India: The Swing Factor, Watched Weekly

India matters twice over: it is the world's largest rice exporter and home to the monsoon that El Niño most famously disrupts. June 2026 was India's fifth-driest since 1901, with a nationwide deficit near 40 percent, and kharif rice sowing started well behind schedule.

The July picture is more mixed, and honesty requires saying so. Rains revived sharply in early July, cutting the cumulative national deficit from nearly 40 percent at the end of June to about 14 percent by July 9, before a renewed dry spell widened it again to roughly 18 percent by July 13. The recovery accelerated planting in some regions, but the monsoon remains uneven and vulnerable to additional breaks. India also enters this El Niño with unusually large buffers: government rice inventories reached a record high in June, while wheat stocks stood at their highest level in five years. A bad June does not decide a monsoon season. Neither does a good first week of July.

The 2023 Lesson: Policy Moves Faster Than Weather

Here is the part of the story that the yield headlines miss. During the last El Niño, on July 20, 2023, India banned exports of non-basmati white rice. India accounted for roughly 40 percent of global rice trade, and the reaction was immediate: global rice prices jumped to their highest levels in about 15 years, with benchmark Thai prices rising around 20 percent and Vietnamese prices around 32 percent in the aftermath, according to subsequent economic analyses.

The crucial detail is that the 2023-24 El Niño never delivered a catastrophic global rice harvest. The price spike came from a precautionary policy decision by a single dominant exporter, made while domestic food inflation was politically sensitive, and it stayed in place until late 2024. Weather created the anxiety; policy turned it into a price shock. For anyone tracking food-security risk in 2026-27, export-policy announcements out of major producers deserve as close a watch as the rainfall maps.

The Honest Caveats

The World Bank figure is conditional and regional, not a global production forecast. India's monsoon has partially recovered and its grain stocks are unusually large. East Africa's October-December rains, which El Niño typically enhances, cut both ways: flooding risk for some communities, drought relief and pasture recovery for others. And nothing here is a prediction about prices or a recommendation to act on them. This site covers what the data shows; it does not offer trading advice.

What to Watch

Four trackable signals, in rough order of immediacy. First, IMD's weekly monsoon updates and India's kharif sowing progress reports, which land through July and August. Second, any export-policy language from New Delhi, the single fastest-moving variable in the global rice market. Third, FAO's monthly All Rice Price Index, the cleanest public benchmark for whether precautionary buying is turning into a genuine price event. And fourth, CPC's next ENSO Diagnostic Discussion on August 13, which will update the strength probabilities everything above is conditioned on.
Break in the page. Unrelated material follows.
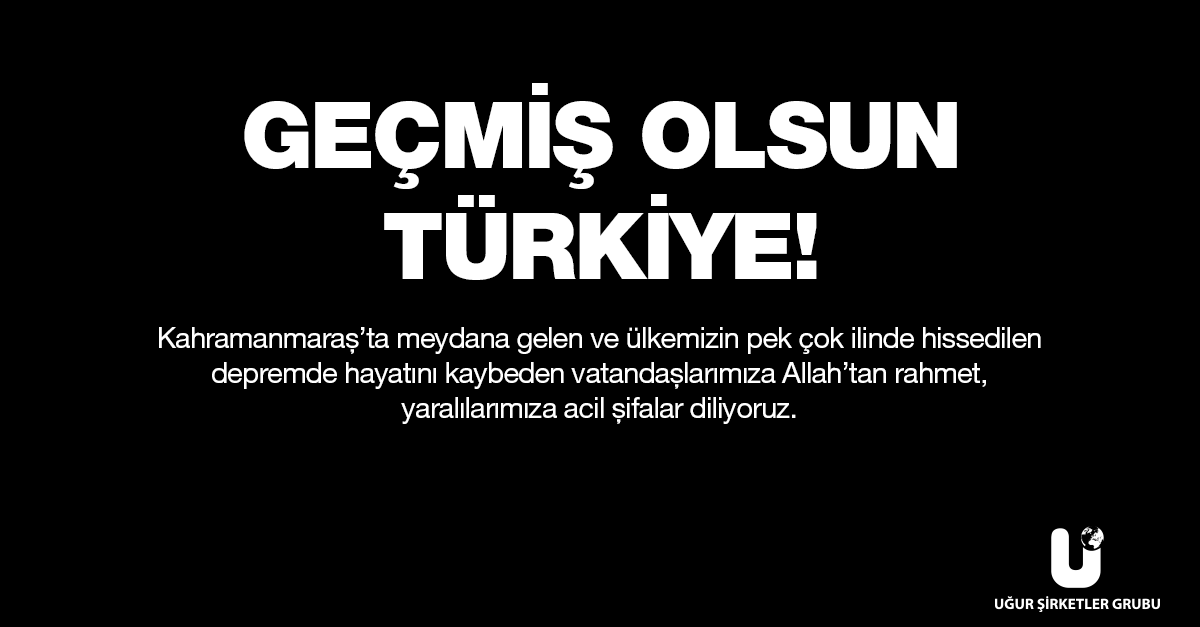 UGrubu's tweet photo. GEÇMİŞ OLSUN TÜRKİYE!
Kahramanmaraş'ta meydana gelen ve ülkemizin pek çok ilinde hissedilen depremde hayatını kaybeden vatandaşlarımıza Allah'tan rahmet, yaralılarımıza acil şifalar diliyoruz. https://t.co/7zdacrV8ft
Frequently Asked Questions

Did the World Bank really say El Niño could cut rice output by as much as half?
The warning says rice output could fall 20 to 50 percent in affected regions if the projected El Niño develops. It is a conditional estimate for affected areas, not a forecast for global rice production.
Why is rice more exposed to El Niño than other grains?
Global rice production is concentrated in the tropical and subtropical zones where El Niño's drying signal is strongest, especially South and Southeast Asia. La Niña tends to threaten mid-latitude corn, soybean, and wheat belts instead.
What happened to rice prices during the last El Niño?
India banned non-basmati white rice exports in July 2023, and global prices jumped to roughly 15-year highs. The policy response, more than actual yield loss, drove the spike.
Is India's rice crop in trouble in 2026?
Too early to say. June was the fifth-driest since 1901 and sowing started behind. Early-July rains sharply narrowed the deficit, although renewed dryness widened it again by mid-July. India holds record rice stocks.